The 19th century “Homestead Laws that gave settlers their own plot of land (cost and debt free) have been largely eroded by 150 years of the ‘business cycle,’ in which bankers have periodically raised interest rates and called in loans, creating successive waves of defaults and foreclosures” - worst of all for subprime and other risky mortgage holders defaulting in record numbers with millions still ahead in what’s playing out as the nation’s worst ever housing crisis showing no signs of ending.

The Perfect Financial Storm

It looms in the form of inflation and deflation given the enormity of newly created money at the same time borrowers can’t repay loans that then default. When that happens, “the money supply contracts and deflation and depression result.”

When the housing market corrected between 1989 - 1991, “median home prices dropped by 17%, and 3.6 million mortgages” defaulted. The equivalent 2005 decline “would have produced 20 million defaults, because the average equity-to-debt ratio….had dropped dramatically” - from 37% in 1990 to 14% in 2005, a record low as a result of equity extracted refinancings.

“What would 20 million defaults do to the money supply?” Two trillion dollars would evaporate or about one-fifth of M3. The fallout would cause huge stock and home value declines, income taxes needing to be tripled, Social Security, Medicare and Medicaid benefits halved, and pensions and comfortable retirements gone for the vast majority of workers. And that’s assuming a modest housing price decline when it’s already far more severe and continuing, giving pause to the virtually certain calamity ahead and devastation for the millions affected.

Policy changes in 1979 - 1981 laid the groundwork for today’s crisis by “flood(ing) the housing market with even more new money,” and much more. They let Fannie and Freddie speculate in derivatives and mortgage-backed securities and by so doing assume enormous risk.
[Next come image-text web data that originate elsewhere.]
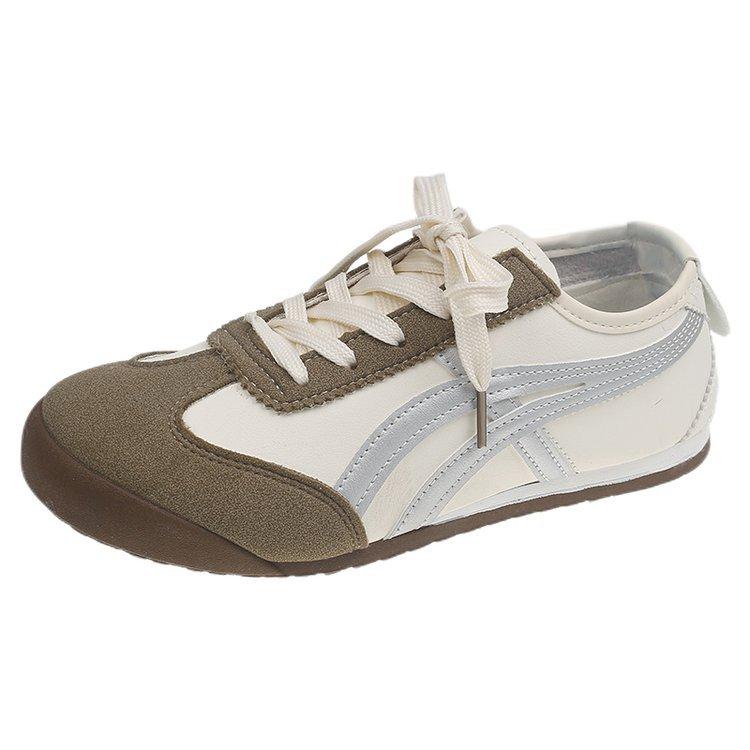 Soft leather version ballet style pink German training shoes women's spring 2025 new sports and leisure shoes retro flat Forrest Gump shoes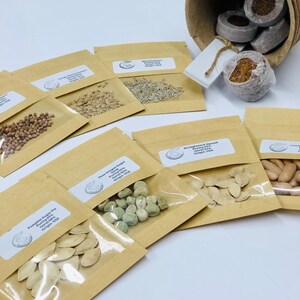 May include: A set of ten seed packets containing various vegetable seeds. The packets are made of brown paper with clear plastic windows. The seeds are visible through the windows. The packets are labeled with the type of seed, purity, germination rate, and origin. The labels are printed in black ink on white paper. The packets are arranged in a grid pattern on a white surface.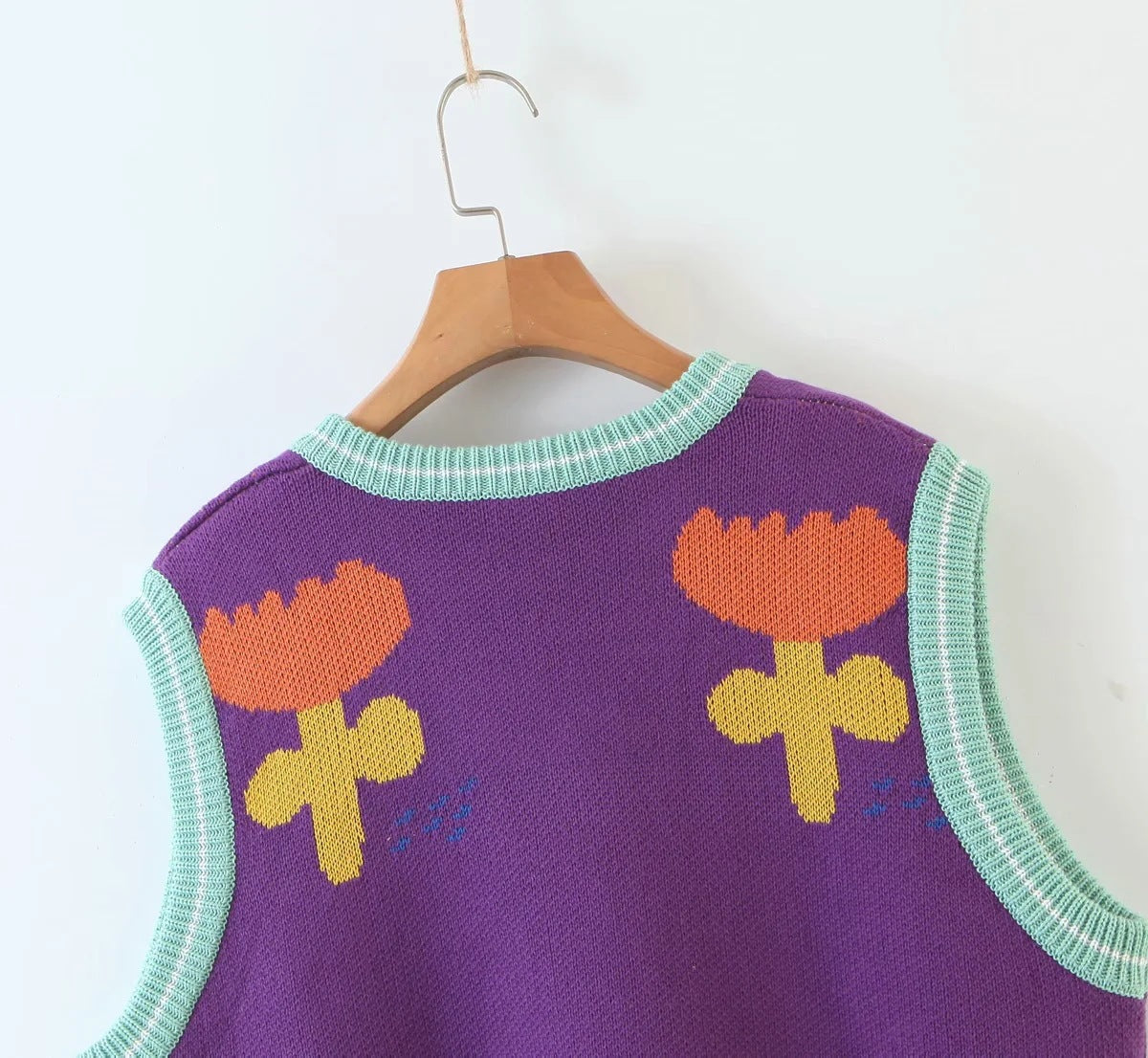 Floral Purple Knit Crop Vest Sweater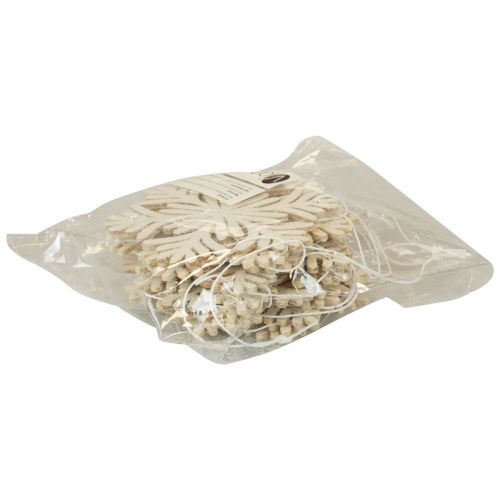 Floristik24 Percha decorativa madera copos de nieve deco brillo blanco Ø10cm 12ud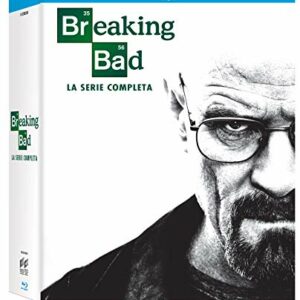 Caja Blu-ray de la serie completa de "Breaking Bad" con imagen del personaje principal.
In June 2002, writer Richard Freeman warned of the impending dangers in an article titled: “Fannie and Freddie Were Lenders - US Real Estate Bubble Nears Its End.” He cited the largest housing bubble in history made all the greater by Fannie and Freddie manipulation and stated: ….”what started out as a simple home mortgage has been transmogrified into something one would expect to find at a Las Vegas gambling casino. Yet the housing bubble now depends on (highly speculative derivatives as new) sources of funds,” made all the riskier through leverage.

In 2003, Freddie was caught cooking its books to make its financial health look sound. In 2004, Fannie did the same thing. Meanwhile, housing peaked in 2006, then steadily imploded, bringing the economy down with it.